___ Dataset section
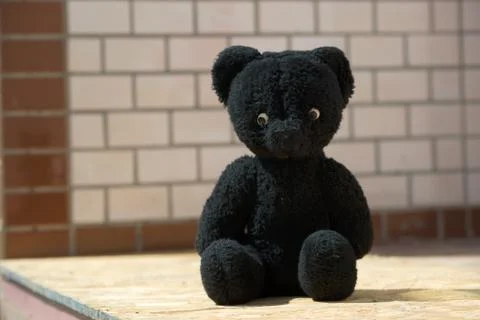 Soft toy of the black bear Foto stock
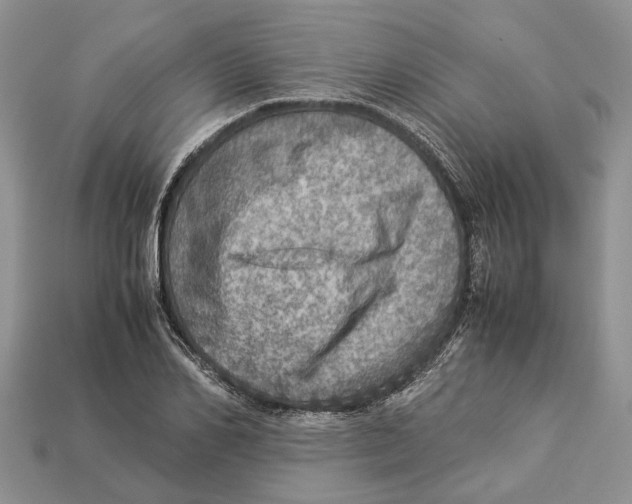 X0000112950982200909211151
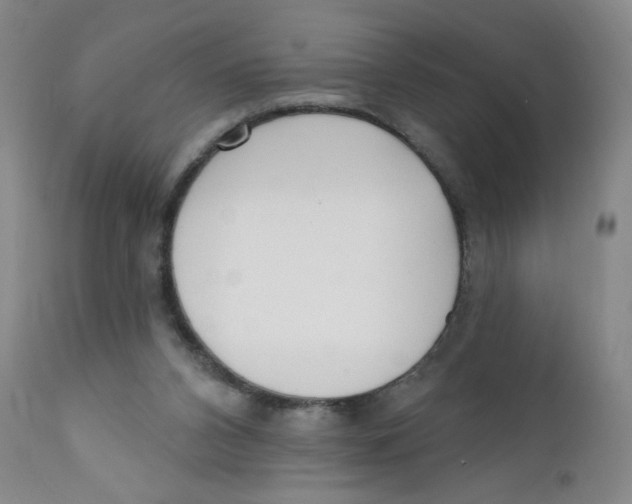 X0000112390112200909101421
______
### Directions
Please return the lines above exactly, with the pictures omitted.

### Written answer
 Soft toy of the black bear Foto stock
 X0000112950982200909211151
 X0000112390112200909101421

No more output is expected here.